UNIVERSITY PARK, Pa. — Bats, which make up about a third of all mammalian species, play an important role in our ecosystem. They eat bugs and are responsible for pollinating many plants.
However, their good deeds can be overshadowed by their ability to be asymptomatic carriers of several diseases that are dangerous to humans, including Ebola and rabies.
New discoveries
But they were never thought to host influenza viruses, that is until researchers studying pathogen diversity in bats in South and Central America identified two new influenza viruses in fruit bats.
Subsequently, researchers in Africa found 30 percent of bats to be infected with flu viruses, although they did not show any signs of illness.
These discoveries led Suresh Kuchipudi, associate professor of virology in Penn State’s College of Agricultural Sciences, to ask if bats can be co-infected with avian and human influenza viruses, and if so, whether they can be carriers of influenza virus and have the potential to contribute to the emergence of new pandemic influenza strains by mixing these two types of influenza viruses.
To answer these questions, Kuchipudi brought together a multidisciplinary team to conduct research focusing on little brown bats, the most widely spread bat species in North America.

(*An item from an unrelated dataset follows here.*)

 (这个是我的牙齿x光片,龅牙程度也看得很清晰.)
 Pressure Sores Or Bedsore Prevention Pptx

Kuchipudi, who works in the college’s Animal Diagnostic Laboratory said there is increasing interface between bats and humans because of wildlife trade, bush-meat hunting, deforestation and urban development.
“It’s important to determine if bats can allow infection of avian and human flu viruses and if they could then serve as ‘mixing vessels’ and perhaps create the next pandemic flu virus. Up until now, no one has ever studied influenza virus receptors in bats,” said Kuchipudi.
Influenza virus
And the next pandemic is never out of the realm of possibility as influenza viruses always seem to be one step ahead when it comes to control. Influenza infects a wide range of domestic and wild animals and can be passed between species.

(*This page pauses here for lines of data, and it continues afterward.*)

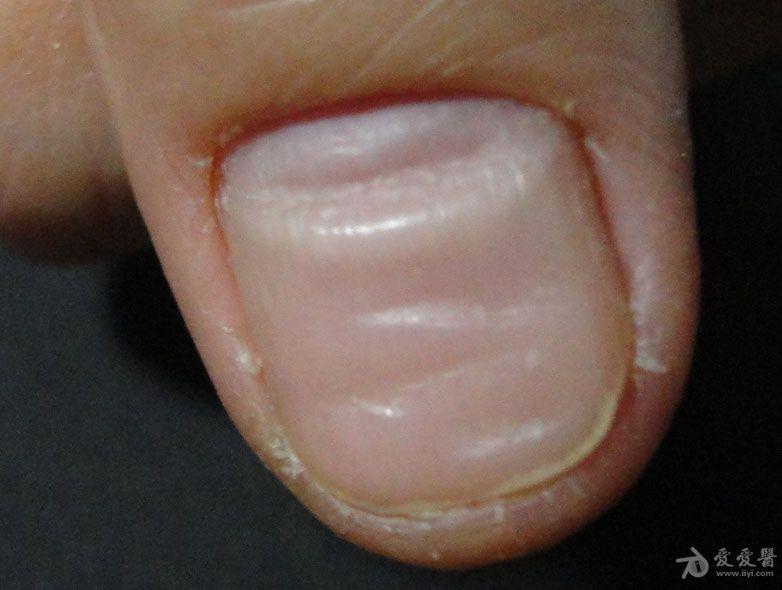 请高人给解释一下大手母指甲纹是怎么回事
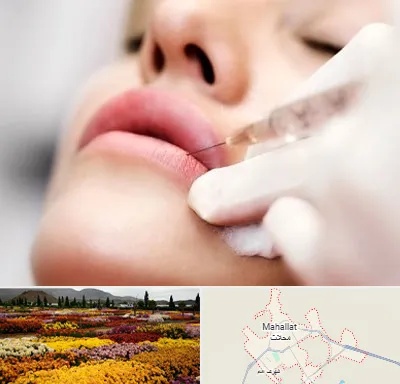 کلینیک تزریق ژل لب در محلات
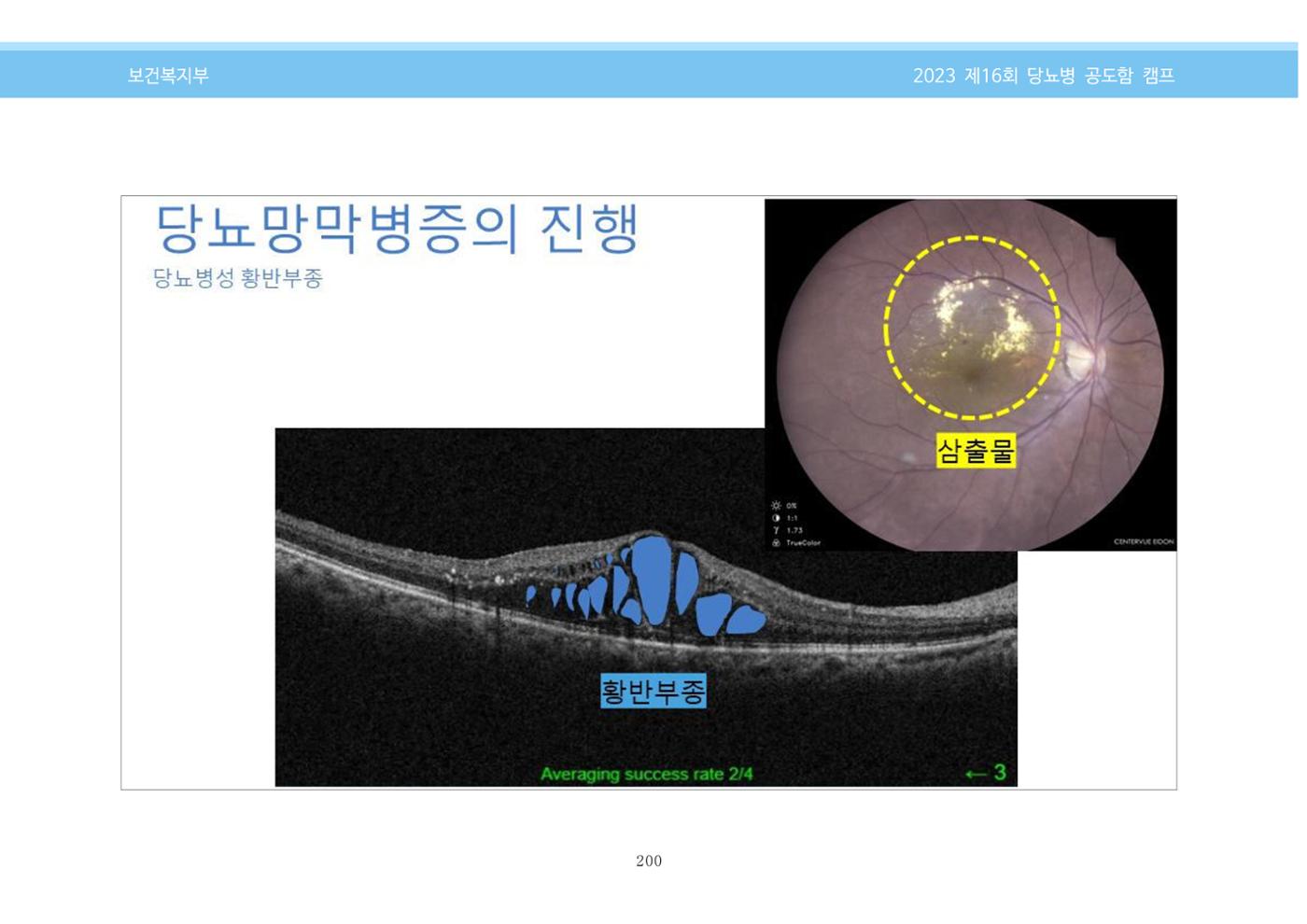 한국소아당뇨인협회 16회 공도함 캠프 E북 자료집 200페이지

Swine flu and avian flu are examples of previous pandemics caused by influenza viruses that came from animals. Avian flu viruses continue to cause huge economic losses to the poultry industry and threaten public health globally.
“The remarkable thing about influenza viruses is the ability to constantly change and evolve,” Kuchipudi said. “ Influenza virus evolution involves mutations in the virus to gain the ability to transmit to a completely different host species.”
Research
With assistance from the Pennsylvania Game Commission, Kuchipudi’s research team screened 20 little brown bats, 10 juvenile, and 10 adult, for the presence of influenza receptors using cutting-edge scientific methods involving lectin histochemistry, along with confocal and electron microcopy.
The team tested for the presence of two specific receptors that are responsible for helping human and avian influenza viruses attach to cells. They further investigated whether avian and human flu viruses can bind to bat tissues.
Results
The study discovered bats have receptors in their respiratory and digestive tracts that can support binding of avian and human influenza viruses, according to Ruth Nissly, research technician and manager of Kuchipudi’s research lab.
“Having both receptors, as in the case of ducks and pigs, is believed to create conditions that enable the virus to mutate and create a new strain, which, in turn, could infect other animals, including humans,” Nissly said.
Despite these findings, Kuchipudi said there isn’t a need to sound a public health alarm or worry about a “bat flu” yet.
“While the sum of the evidence suggests that bats could play an important role in influenza epidemiology and zoonotic influenza emergence, we do not have sufficient scientific understanding needed to adequately predict which influenza strains may cause the next pandemic or what hosts they may come from,” he said.
He cited the need for more research on how influenza may manifest itself in bats, as well as for additional surveillance of wild bats.
The research was published in April 2017, in Scientific Reports, an online, open access journal from the publishers of Nature.